Ein bisschen fühlt es sich nun ja schon so an, als ob ich zuhause wäre, doch die letzte Etappe liegt noch vor mir. Für mich fühlt es sich noch völlig unreal an, nur noch ein paar Tage von zuhause entfernt zu sein. Berlin – Wien bin ich schon so oft mit dem Flugzeug, dem Bus, dem Zug, oder dem Auto gefahren. Mit dem Rad wird es nun eine Premiere werden. Doch ich freue mich schon tierisch darauf. Bis Prag sind es nur doch drei Tage Fahrt, dann nur noch zwei Tage bis zu meinen Eltern und dann nur noch drei Tage bis nach Wien.

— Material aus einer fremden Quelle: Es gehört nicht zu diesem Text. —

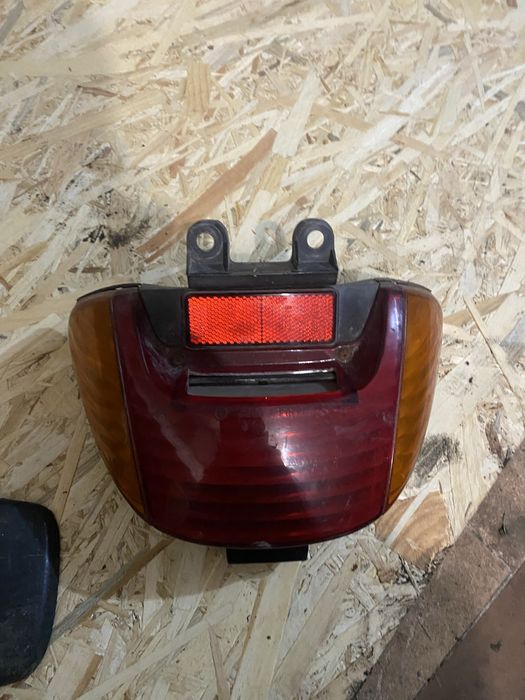 Продам пластик хонда діо 34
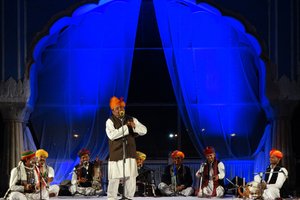 Jaipur Virasat Foundation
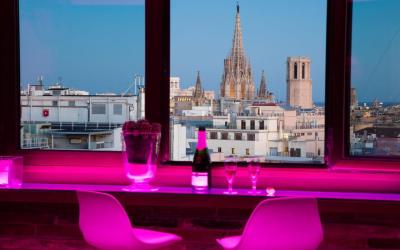 Enjoybcn Plaza Catalunya Apt. 7 Enjoybcn Plaza Catalunya Apt. 7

Wenn ich es mit einem einzigen Wort beschreiben müsste, dann würde ich einfach sagen: UNGLAUBLICH
Unglaublich, obwohl ich alles selbst erlebt habe und auch noch erleben werden, doch selbst bei beinen Erzählungen wirkt vieles so unreal. Die Strecken so weit, die Zeiträume so lange und die Vorstellungskraft irgendwie beschränkt. Ich bin gespannt, wie lange es dauern wird, bis ich meine eigene Reise zur Gänze verstanden habe. Gerade jetzt, da ich vieles aus den vergangenen Monaten wieder erzähle und mir Leute unzählige Fragen stellen, beginne ich damit, das Erlebte langsam zu verstehen. Ich gehe mal davon aus, dass dies durchaus noch ein längerer Prozess werden wird.

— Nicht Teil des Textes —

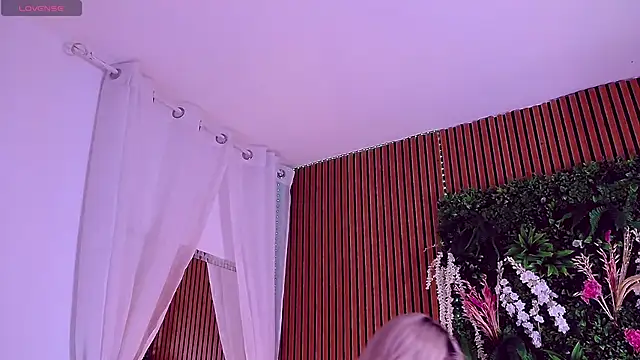 BunnyGoneBad online show from June 2, 4:14 am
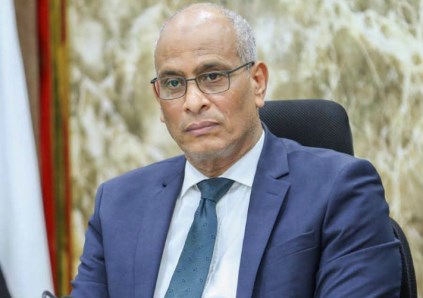 محافظ كفرالشيخ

In Leipzig treffe ich nun auch wieder mit Natascha und Friedemann zusammen, dem Deutschen Tandempaar, das ich in der Türkei und auch in Georgien getroffen hatte. Wie gesagt, der Kreis beginnt sich zu schließen. Beim Gedanken an die noch vor mir liegenden Etappen werde ich schon ganz unruhig, die Vorfreude wächst immer noch Tag für Tag und ein klein wenig aufgeregter werde ich auch schon jeden Tag.

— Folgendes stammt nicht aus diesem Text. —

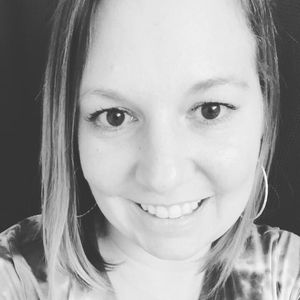 Meet your Posher, Lacey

Manche Radreisenden hatten mir erzählt, dass der schwierigste Teil der gesamten Reise wohl das Heimkommen werden würde. Für mich war der schwierigste Teil wohl eher das Losfahren und das Heimkommen entpuppt sich als ein überaus schöner Teil. Noch immer bin ich froh darüber, nicht mit Zug, oder Flugzeug den direkten Weg nach Hause gewählt zu haben. Die langsame Annäherung hat durchaus ihren Reiz.
Noch knapp 1000 Kilometer liegen vor mir – hört sich viel an, ist es aber nicht… Im Vergleich zu dem, was schon hinter mir liegt, ein Katzensprung!